23andMe, Inc., a known DNA-Testing company, is planning to offer new wellness options which might help its consumers with their weight-loss plans. However, a few experts from the field of genetics still can’t say for sure if the ‘science behind the products’ will be beneficial or not.

Recently, the Mountain View, a company based in California declared their partnership with an artificial-intelligence coaching service which functions by delivering unique advice about ways to prevent weight gain and diabetes through an app. The app, called ‘Lark Health,’ will need the customers to input genetic data that are weight-related, which it will obtain from 23andMe’s database.

Emily Drabant-Conley, the vice-president of business development at 23andMe, said that the idea was from their desire to help their customers to explore their genetics and do more using the information.

If they choose to continue their plans, the company will find themselves among a crowded marketplace in which companies who use DNA analysis to give their consumers custom-fit advice about wellness and family history. This kind of market has been a place of conflicting ideas and criticisms, as believers honor the idea of a new era of personalized-health, while critics advocate the lack of useful and beneficial information with the use of such tools. This process is called biohacking and although it is popular in wealthy areas, it has yet to hit the mainstream.

Scripps Research Institute geneticist Eric Topol explained that while the idea is satisfactory, there is still the fact that there is a lack of information whether the algorithms are indeed beneficial. This kind of information can be obtained through “proof of peer-reviewed publications with the prospective study”.
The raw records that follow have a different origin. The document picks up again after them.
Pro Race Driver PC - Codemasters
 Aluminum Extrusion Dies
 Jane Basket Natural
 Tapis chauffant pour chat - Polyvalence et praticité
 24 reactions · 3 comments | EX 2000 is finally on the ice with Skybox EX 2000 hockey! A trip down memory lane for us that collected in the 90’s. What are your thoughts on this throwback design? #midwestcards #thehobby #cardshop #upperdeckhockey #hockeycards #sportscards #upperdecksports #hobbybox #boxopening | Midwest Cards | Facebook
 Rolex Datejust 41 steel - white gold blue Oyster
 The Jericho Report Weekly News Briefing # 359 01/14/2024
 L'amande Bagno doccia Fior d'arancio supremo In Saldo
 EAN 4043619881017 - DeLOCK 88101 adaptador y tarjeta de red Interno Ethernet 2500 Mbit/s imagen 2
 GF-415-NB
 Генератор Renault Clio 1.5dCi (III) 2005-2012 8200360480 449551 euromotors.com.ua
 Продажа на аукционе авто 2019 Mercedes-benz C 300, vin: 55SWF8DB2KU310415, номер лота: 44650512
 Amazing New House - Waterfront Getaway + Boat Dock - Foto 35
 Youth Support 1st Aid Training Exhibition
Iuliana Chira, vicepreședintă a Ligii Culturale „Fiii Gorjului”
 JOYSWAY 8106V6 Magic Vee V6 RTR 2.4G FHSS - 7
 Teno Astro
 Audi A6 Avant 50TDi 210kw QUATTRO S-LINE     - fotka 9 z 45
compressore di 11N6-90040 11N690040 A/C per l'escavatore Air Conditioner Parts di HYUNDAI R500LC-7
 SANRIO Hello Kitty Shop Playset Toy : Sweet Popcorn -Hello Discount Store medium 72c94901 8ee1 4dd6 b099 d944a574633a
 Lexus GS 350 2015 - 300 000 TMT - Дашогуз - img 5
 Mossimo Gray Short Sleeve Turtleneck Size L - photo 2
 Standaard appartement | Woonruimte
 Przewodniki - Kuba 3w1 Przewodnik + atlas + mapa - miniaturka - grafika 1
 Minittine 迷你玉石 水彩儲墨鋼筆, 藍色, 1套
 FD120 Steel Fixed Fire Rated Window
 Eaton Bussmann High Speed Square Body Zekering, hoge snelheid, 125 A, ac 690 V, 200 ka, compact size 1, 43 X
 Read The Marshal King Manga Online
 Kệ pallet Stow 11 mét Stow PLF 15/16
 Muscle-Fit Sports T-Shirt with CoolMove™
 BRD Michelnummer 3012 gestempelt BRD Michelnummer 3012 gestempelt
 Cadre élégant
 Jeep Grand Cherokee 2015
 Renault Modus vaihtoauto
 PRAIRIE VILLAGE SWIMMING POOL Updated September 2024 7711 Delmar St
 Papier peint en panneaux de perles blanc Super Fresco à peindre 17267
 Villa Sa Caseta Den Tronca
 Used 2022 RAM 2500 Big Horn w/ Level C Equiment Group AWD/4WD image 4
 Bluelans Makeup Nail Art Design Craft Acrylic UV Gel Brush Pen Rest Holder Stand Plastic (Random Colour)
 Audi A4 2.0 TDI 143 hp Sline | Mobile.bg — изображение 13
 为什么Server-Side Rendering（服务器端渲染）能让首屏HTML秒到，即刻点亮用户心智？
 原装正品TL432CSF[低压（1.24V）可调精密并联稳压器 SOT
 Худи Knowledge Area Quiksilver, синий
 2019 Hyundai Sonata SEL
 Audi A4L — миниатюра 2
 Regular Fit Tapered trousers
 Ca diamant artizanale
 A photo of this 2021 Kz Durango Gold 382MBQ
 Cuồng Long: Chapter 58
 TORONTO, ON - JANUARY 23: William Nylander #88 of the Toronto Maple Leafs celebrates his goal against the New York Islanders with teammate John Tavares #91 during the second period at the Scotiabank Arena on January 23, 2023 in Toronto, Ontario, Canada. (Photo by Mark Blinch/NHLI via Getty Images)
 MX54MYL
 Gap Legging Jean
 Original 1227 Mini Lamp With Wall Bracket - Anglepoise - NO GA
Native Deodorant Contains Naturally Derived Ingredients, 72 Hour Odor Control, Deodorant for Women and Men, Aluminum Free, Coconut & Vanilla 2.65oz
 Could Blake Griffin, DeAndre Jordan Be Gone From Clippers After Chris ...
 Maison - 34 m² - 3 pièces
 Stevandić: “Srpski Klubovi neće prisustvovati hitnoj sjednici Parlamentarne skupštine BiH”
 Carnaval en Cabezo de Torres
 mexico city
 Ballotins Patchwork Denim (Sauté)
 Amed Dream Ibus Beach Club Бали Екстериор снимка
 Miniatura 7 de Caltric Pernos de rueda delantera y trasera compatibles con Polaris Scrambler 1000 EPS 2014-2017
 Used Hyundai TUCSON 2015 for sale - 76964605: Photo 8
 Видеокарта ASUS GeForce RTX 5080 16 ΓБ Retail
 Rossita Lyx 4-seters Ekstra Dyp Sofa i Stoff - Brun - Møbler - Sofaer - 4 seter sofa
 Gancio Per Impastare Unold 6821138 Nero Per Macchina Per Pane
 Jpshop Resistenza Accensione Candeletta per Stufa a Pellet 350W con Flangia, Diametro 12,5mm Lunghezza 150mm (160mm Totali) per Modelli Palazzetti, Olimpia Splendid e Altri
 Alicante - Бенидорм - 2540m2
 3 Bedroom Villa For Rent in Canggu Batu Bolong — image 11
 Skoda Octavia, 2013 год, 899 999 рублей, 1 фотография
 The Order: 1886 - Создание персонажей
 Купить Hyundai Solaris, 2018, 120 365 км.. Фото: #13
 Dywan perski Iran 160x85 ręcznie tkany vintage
On their defense, 23andMe stated how they merely use their data to do a smarter service which is already known to be popular due to its uptake. In its diabetes-prevention and wellness program, AI coaches from Lark helps track people’s activities like eating, exercising, and sleeping to come up with advice that will assist in the achievement one’s health goals. For examples, consumers can ask their AI if eating a burger will be an excellent choice for dinner. In case their weight report generated by 23andMe suggests the limitation of red meat, the AI may tell the consumer to limit their burger consumption.

Lark’s AI coach has gained a reputation by being recognized by more than two million people, as well as the Center for Disease Control. Along with peer reviews implying that the AI coach is almost as active as a human coach.

With their partnership, Lark’s apps will be able to access data from eight different reports from 23andMe. This information will include an individual’s weight profile, taste preferences, and sleeping habits.